- _Task instructions_: Two lines in the listing below mark the span: one contains "That brings us" and one contains "Note that this". Reproduce both of them and everything between, exactly.

- _Dataset extract_:
....................

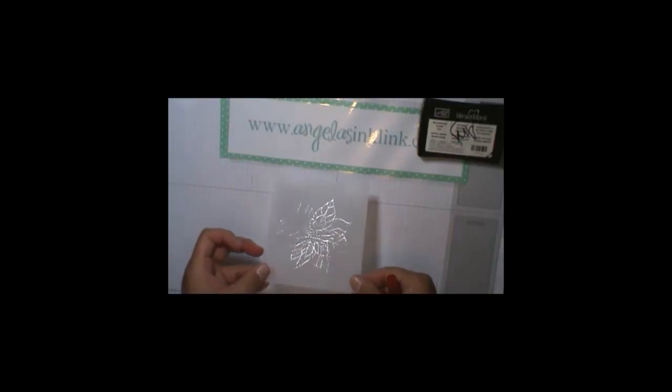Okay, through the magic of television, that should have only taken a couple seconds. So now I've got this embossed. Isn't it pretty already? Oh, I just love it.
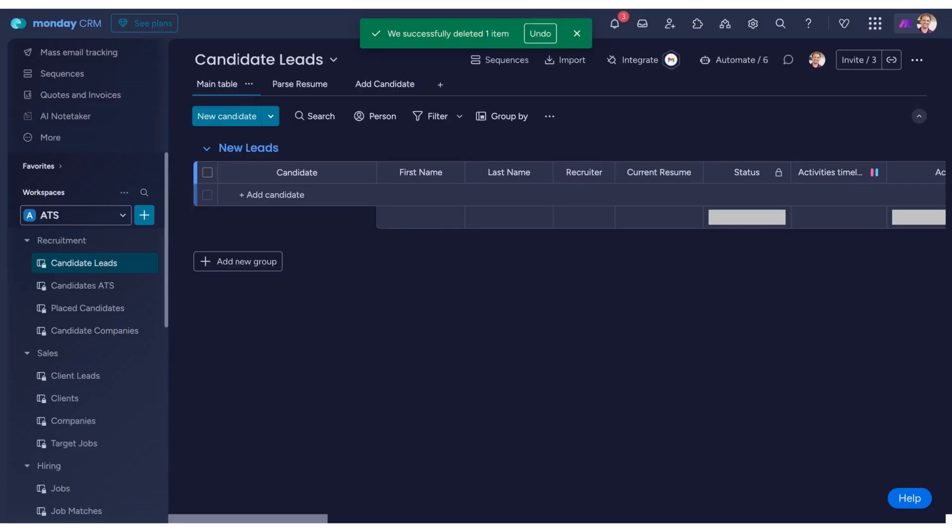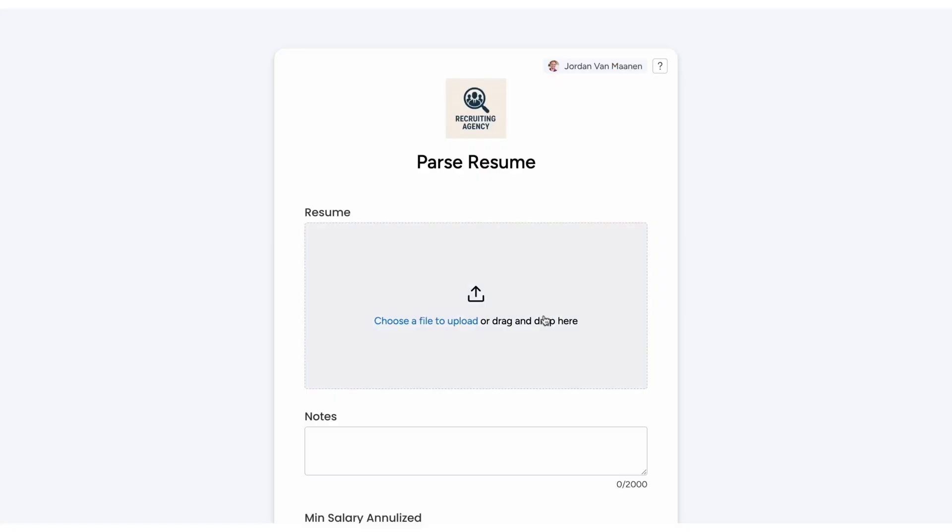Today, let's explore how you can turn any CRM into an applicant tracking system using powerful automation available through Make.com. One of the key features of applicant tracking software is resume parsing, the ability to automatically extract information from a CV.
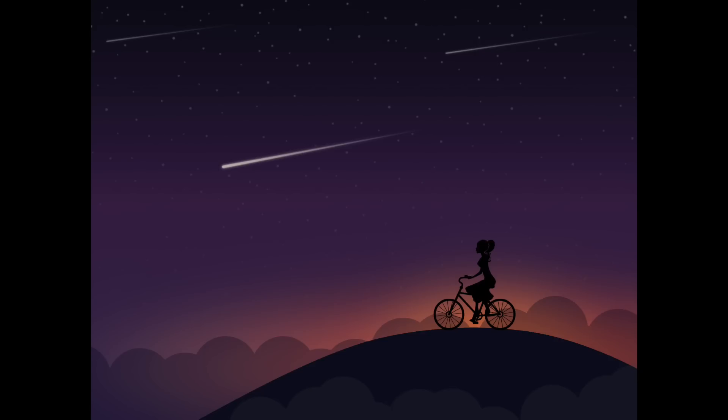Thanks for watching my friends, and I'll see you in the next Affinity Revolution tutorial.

....................

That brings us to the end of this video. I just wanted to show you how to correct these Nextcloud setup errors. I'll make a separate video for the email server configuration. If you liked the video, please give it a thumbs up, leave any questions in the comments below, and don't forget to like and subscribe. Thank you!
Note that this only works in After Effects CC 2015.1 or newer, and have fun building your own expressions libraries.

....................

- _Task answer_:
That brings us to the end of this video. I just wanted to show you how to correct these Nextcloud setup errors. I'll make a separate video for the email server configuration. If you liked the video, please give it a thumbs up, leave any questions in the comments below, and don't forget to like and subscribe. Thank you!
Note that this only works in After Effects CC 2015.1 or newer, and have fun building your own expressions libraries.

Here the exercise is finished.